The Saudis are the world's most important "swing producer" - a country with huge oil reserves that can ramp its oil production up or down to balance changes in supply and demand. In normal times, one would expect the Saudis to go along with other oil producing nations in cutting back production to reflect weaker demand, in order to support the oil price. But this time, they aren't doing that.
Some Russian and Venezuelan analysts - among others - believe the US and Saudi Arabia are colluding to drive oil prices down for geopolitical reasons.
Leonid Fedun, co-owner of private Russia-based oil firm Lukoil, cited US President Barack Obama's visit to Riyadh in March.
"Obama travelled to meet the king of Saudi Arabia just after the Crimea events to push him to these actions [to lower the price]," Fedun said last month.
Shale oil production is more expensive and much more energy and resources intensive than conventional oil production - and more environmentally damaging
Perhaps the strongest evidence in this direction comes from US foreign minister John Kerry. After a trip to Saudi Arabia in September, Kerry was asked if past discussions with Riyadh had touched on Russia's need for a global oil price above $100 per barrel to balance its budget.

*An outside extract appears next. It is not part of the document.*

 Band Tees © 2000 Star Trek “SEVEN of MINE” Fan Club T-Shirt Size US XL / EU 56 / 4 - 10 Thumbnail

"They (the Saudis) are very, very well aware of their ability to have an impact on global oil prices," Kerry replied.
Saudi Arabia is in the midst of a proxy war against Iran in Syria and Iraq, with each supporting rival militias, divided roughly along the lines of sectarian affiliation - the Saudis in support of Sunni militias, and the Iranians in support of Shiite militias.
But Saudi Oil minister Ali al Naimi denies a geopolitical drive to get oil prices down is what is going on. After many weeks of silence in the face of spreading conspiracy theories, Naimi finally spoke to the issue on November 12.

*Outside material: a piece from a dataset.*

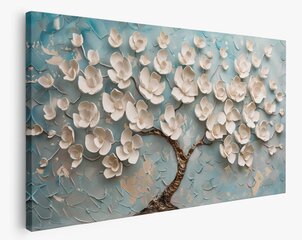 Картина White-Flowered Tree цена и информация | Картины, живопись | kaup24.ee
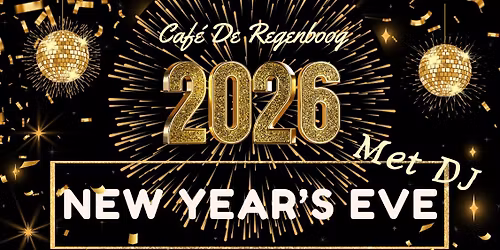New Year\u2019s Eve @ De Regenboog \ud83c\udf89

"Saudi oil policy... has been subject to a great deal of wild and inaccurate conjecture in recent weeks. We do not seek to politicize oil... for us it's a question of supply and demand, it's purely business," he said.
Some analysts have speculated that one business reason for the Saudis to refuse to cut back their oil production - and therefore to drive oil prices back up - could be a desire on their part to make shale oil production in the US and elsewhere unprofitable.

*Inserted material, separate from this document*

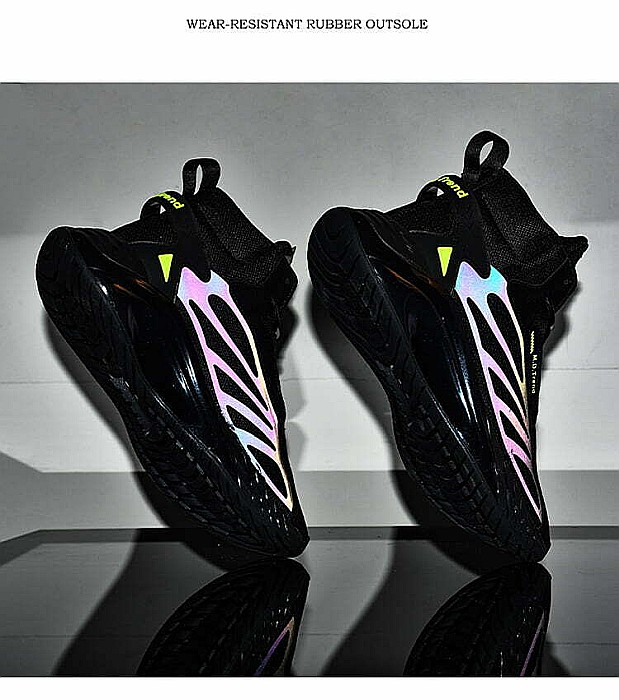 Pantofi sport baschet HI Tops MBrands , dungi fosforescente [3]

Shale oil production - especially in the US - has grabbed significant market share from conventional oil production in recent years, but it requires a high oil price to be profitable.
Reuters news agency reported on Tuesday that four different market and diplomatic sources - who asked not to be named - had told Reuters that Saudi officials privately briefed OPEC watchers in New York and Riyadh in September and October.
According to these sources, Nasser al-Dossary, Saudi Arabia's national representative OPEC, and Naimi's deputy, Prince Abdulazis bin Salman, as well as the kingdom's OPEC governor, Mohammed al Madhi, attended at least one of the briefing meetings, and gave the message that Saudi Arabia was prepared to withstand oil prices as low as $70 to $80 per barrel for as long as a year.
The benchmark Brent crude oil price was down to $79 on Tuesday.